In this problem, we are given a list of word counts on the pages of an encyclopædia. Our program must answer multiple questions of the form: "How many pages are there on page x?"

So far, whenever we've encountered problems involving large sets of data, I've tried to describe solutions that only 'remember' one or two variables at a time. With this problem such an approach is no longer possible.

You may be familiar with arrays - these are data structures that let you store large quantities of data. In this walkthrough I'll be using C-style arrays as an example.

In C/C++, an array is declared much like a normal variable. Say we needed room for 8 int-type variables. Then we would write:

int a[8];

The eight variables we now have access to are a[0], a[1], ..., a[6], a[7]. (Note that the numbering system is zero-based: counting begins at zero, not one. This may seem unintuitive, but turns out to be quite useful when we try manipulating arrays in advanced ways.)

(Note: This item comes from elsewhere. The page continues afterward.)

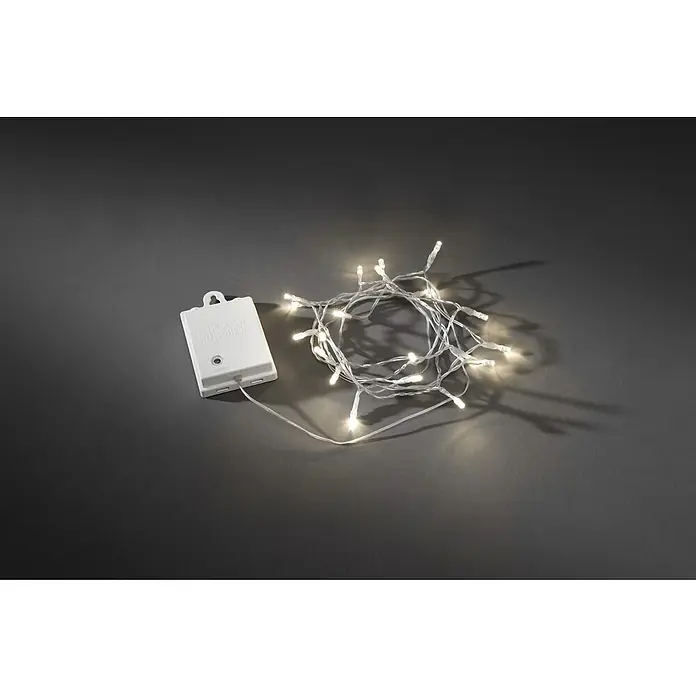 Konstsmide LED-Lichterkette - Außen, Lichtfarbe: Warmweiß, Anzahl Leuchtmittel: 80 Stk., Batteriebetrieben, Weiß - Festliche Lichterkette mit Batteriepack. Ideal für stimmungsvolle Dekorationen im Innenbereich, die warmes Licht verbreiten.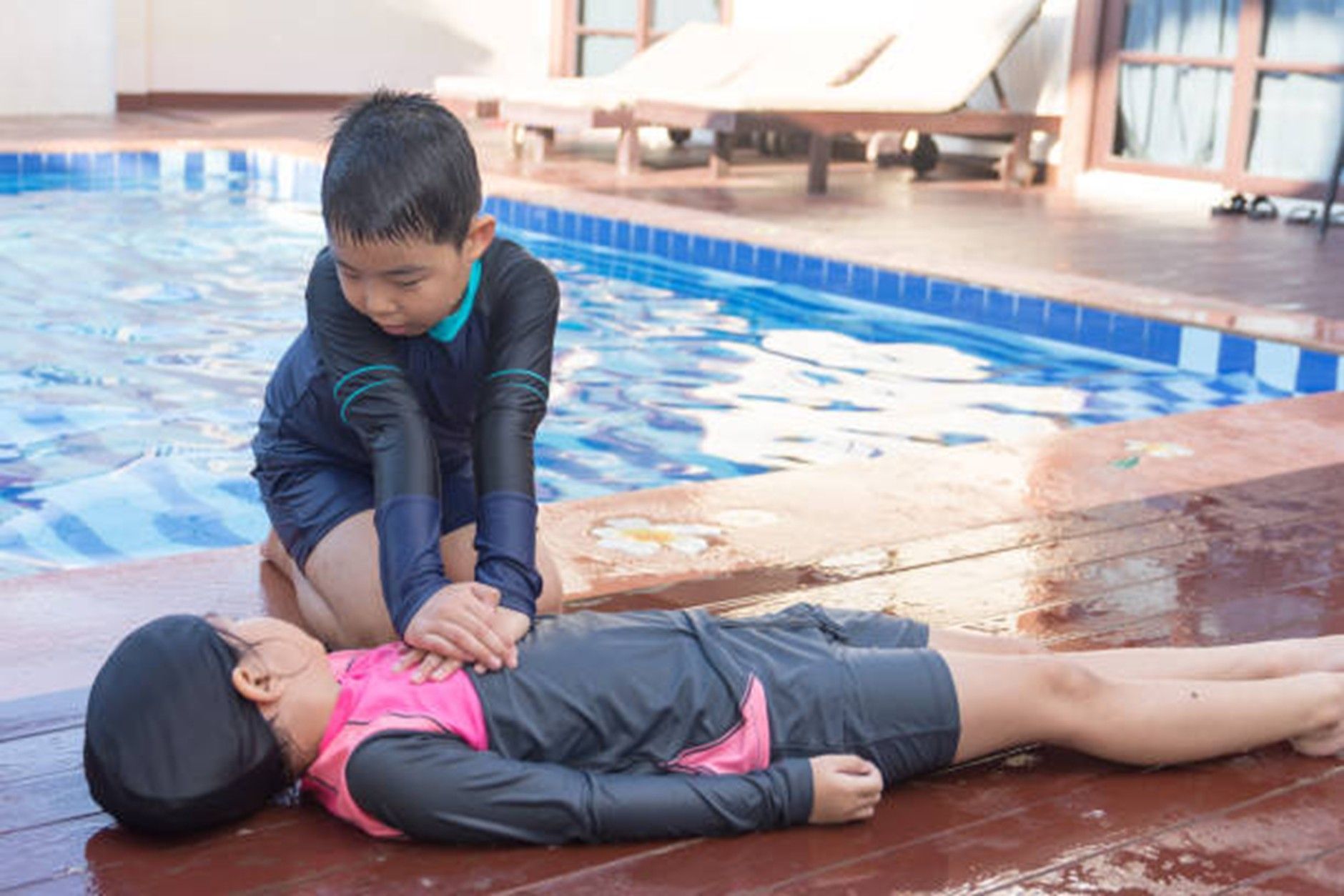 child doing CPR on another child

The elements of an array can be manipulated like normal variables. For example, we could write a correct, albiet strange, solution to Addition like so:

// Read values into a[0] and a[1]
fscanf(inputFile, "%d %d", &a[0], &a[1]);
a[2] = a[0] + a[1];
// Print out the value of a[2]
fprintf(outputFile, "%d", a[2]);

(Add code to correctly handle file input and/or output.)

However, the real power of arrays lies in our ability to access their contents using mathematical expressions. If the variable foo is set to 5, then a[foo] refers to a[5] and we can manipulate a[foo] and store values inside it like any other variable. If the variable i counts from 0 to N-1 over the course of a loop, then in each iteration a[i] will refer to a different element of the array.

This is best seen with an example. The following code reads in a list of nPages integers into an array named wordcounts.

int wordcounts[10000];
for (int i = 0; i < nPages; i++) {
// Read an integer into <b>wordcounts[i]</b>
}

At the first iteration of the loop, i is set to zero and so the first integer is stored in wordcounts[0]. The second integer is stored in wordcounts[1], and so on. So if we are looking for 'the xth integer', then it is stored in wordcounts[x-1].

Accessing arbitrary elements of wordcounts is also straightforward, so long as we remember the numbering system we are using. The following code reads in some number x and prints out the xth integer in the list:

int x;
// Read an integer into x
fscanf(inputFile, "%d", &x);
// Write the value of wordcounts[x-1]
fprintf(outputFile, "%d\n", wordcounts[x-1]);

You might be wondering why we declared an array of 10000 integers (int wordcounts[10000];), even though we might not use all 10000 slots. Isn't that rather wasteful? The answer is that for real-world code, it would indeed be wasteful. We should be using a dynamic array. However, for convenience and simplicity in informatics, we often just declare an array with a fixed size that is large enough to encompass the largest possible input we could receive (in this problem, we are told that there will be at most 10000 pages in the encyclopædia).

This is quite close to what our current problem asks us to do. The above code would have to be placed inside a loop so that it dealt with the correct number of questions, but otherwise it is already very close to a full solution.

Confidence with using arrays to store and manipulate large amounts of data is a very helpful skill, both in most real-world programming scenarios and in competitions like the Australian Informatics Olympiad.